┌──

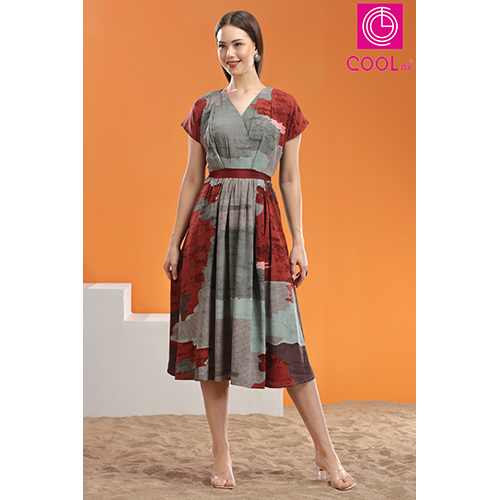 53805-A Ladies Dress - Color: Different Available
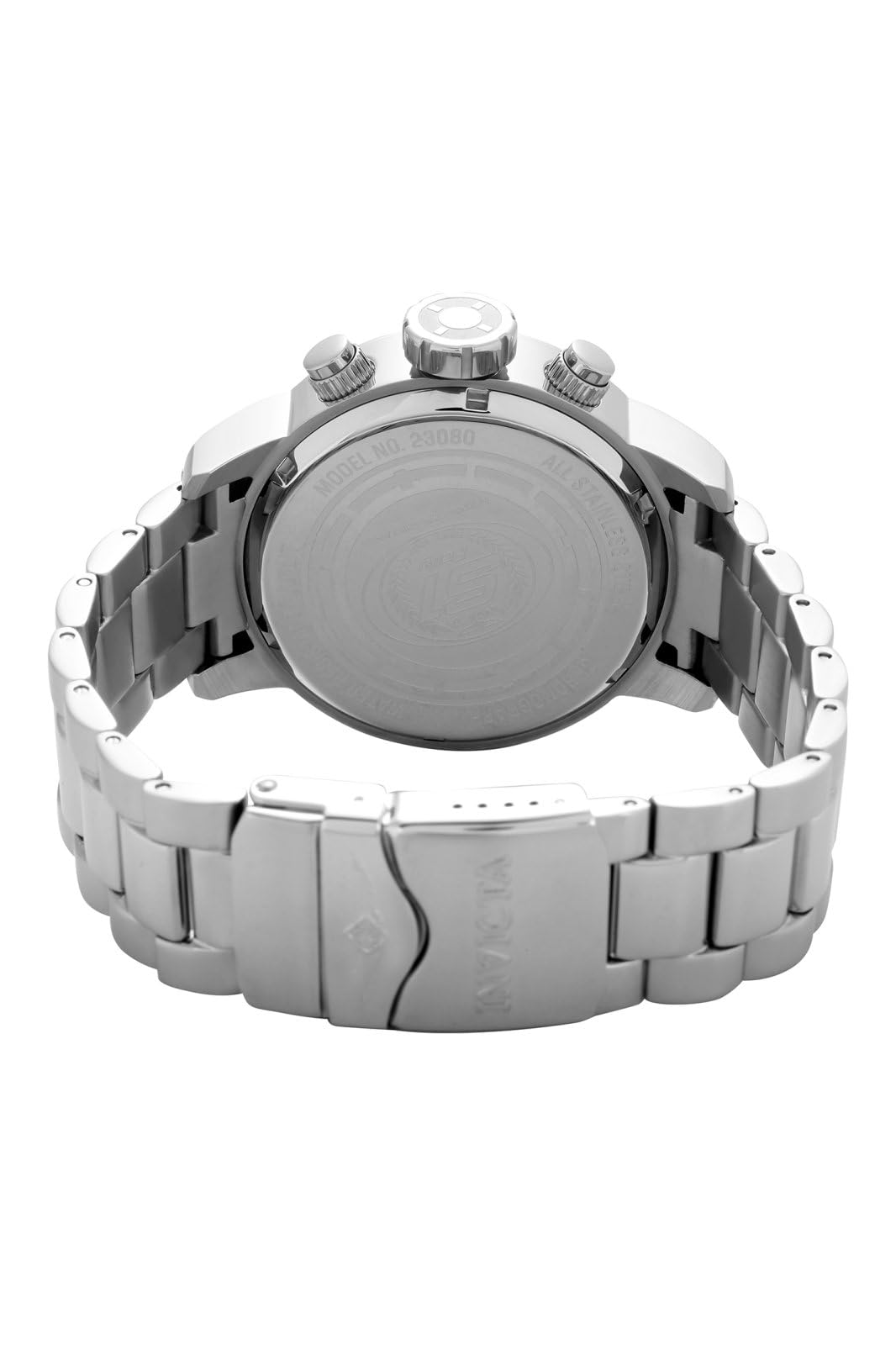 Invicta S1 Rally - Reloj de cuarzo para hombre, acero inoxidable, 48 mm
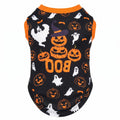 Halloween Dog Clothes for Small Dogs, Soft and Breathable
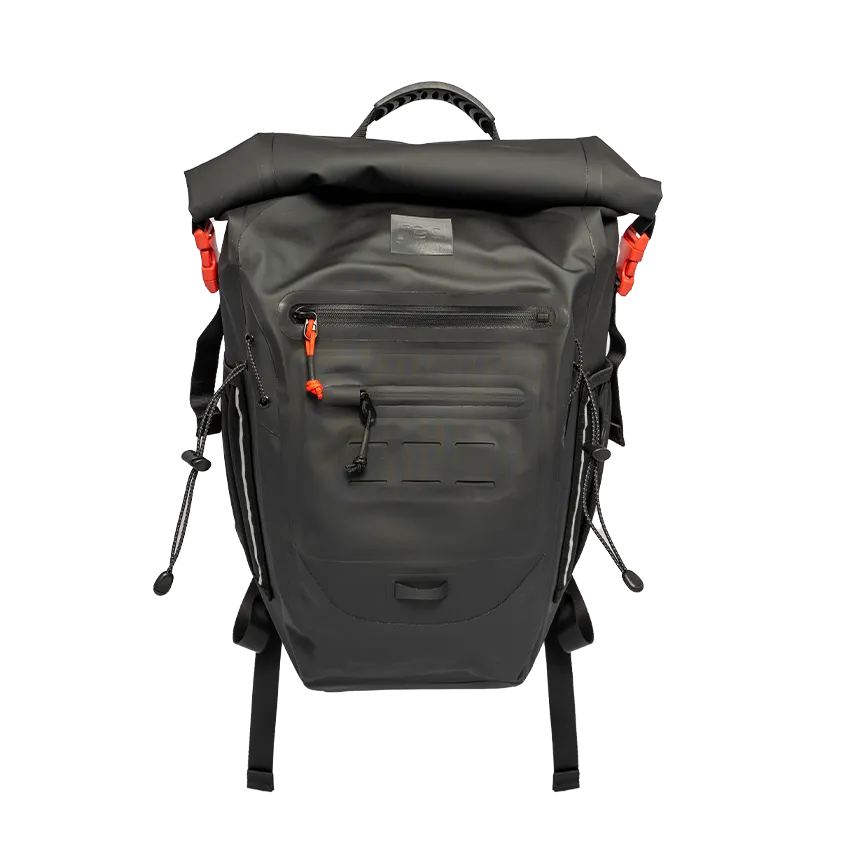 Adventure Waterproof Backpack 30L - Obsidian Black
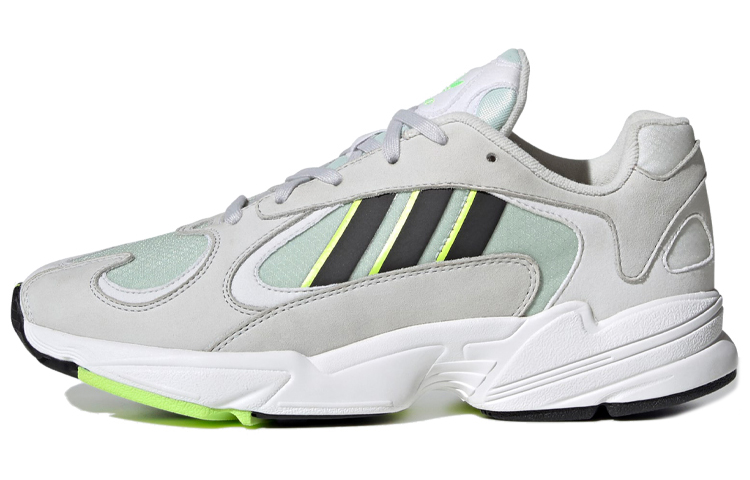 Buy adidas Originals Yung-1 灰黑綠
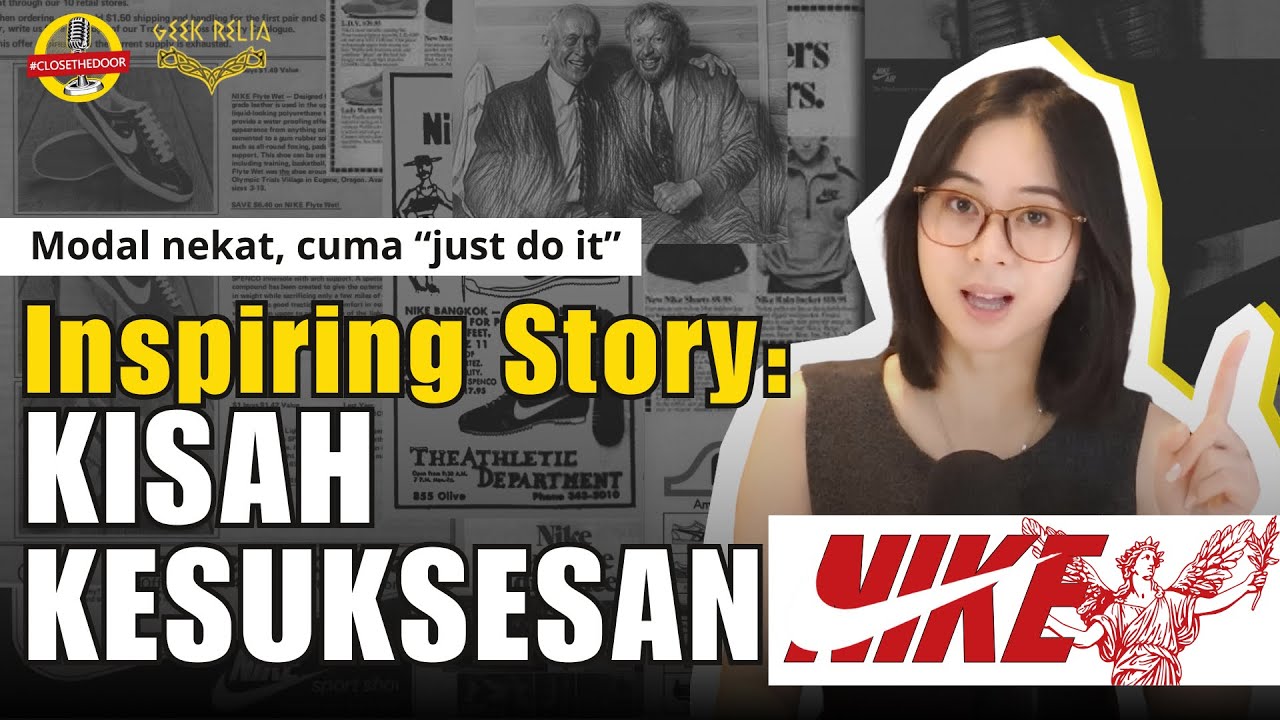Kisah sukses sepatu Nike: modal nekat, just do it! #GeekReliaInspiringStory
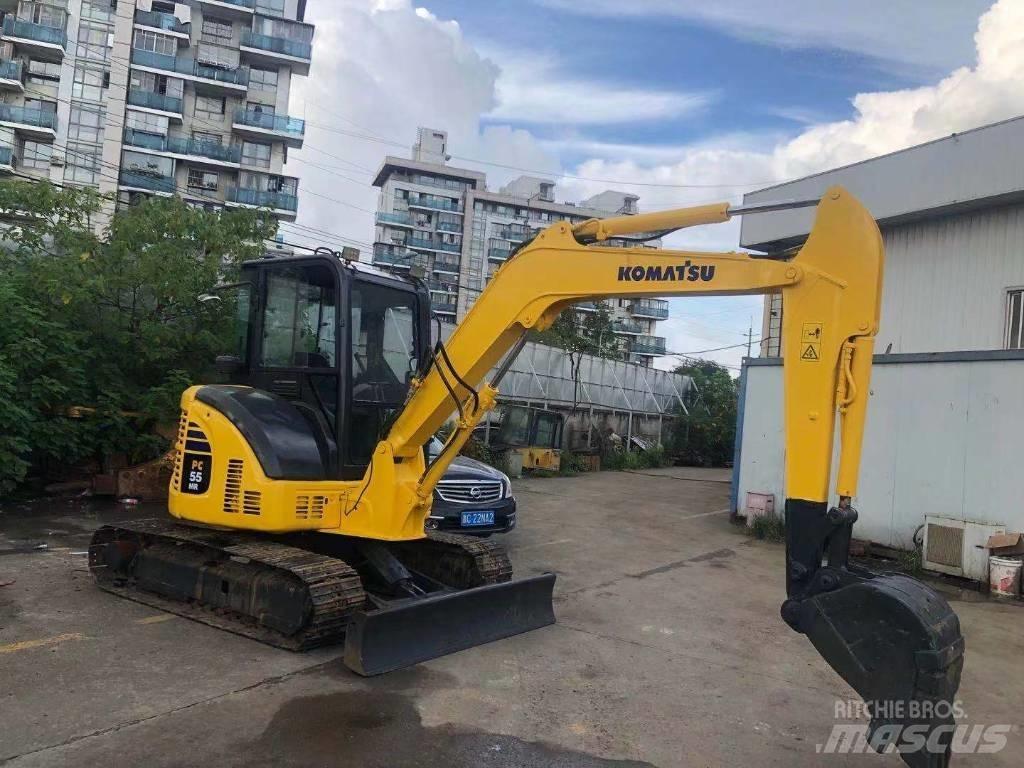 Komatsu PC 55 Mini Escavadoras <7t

└──

• _EXERCISE REQUIREMENTS_
Drop the pictures and copy the data exactly.

• _WORKED SOLUTION_
 53805-A Ladies Dress - Color: Different Available
 Invicta S1 Rally - Reloj de cuarzo para hombre, acero inoxidable, 48 mm
 Halloween Dog Clothes for Small Dogs, Soft and Breathable
 Adventure Waterproof Backpack 30L - Obsidian Black
 Buy adidas Originals Yung-1 灰黑綠
Kisah sukses sepatu Nike: modal nekat, just do it! #GeekReliaInspiringStory
 Komatsu PC 55 Mini Escavadoras <7t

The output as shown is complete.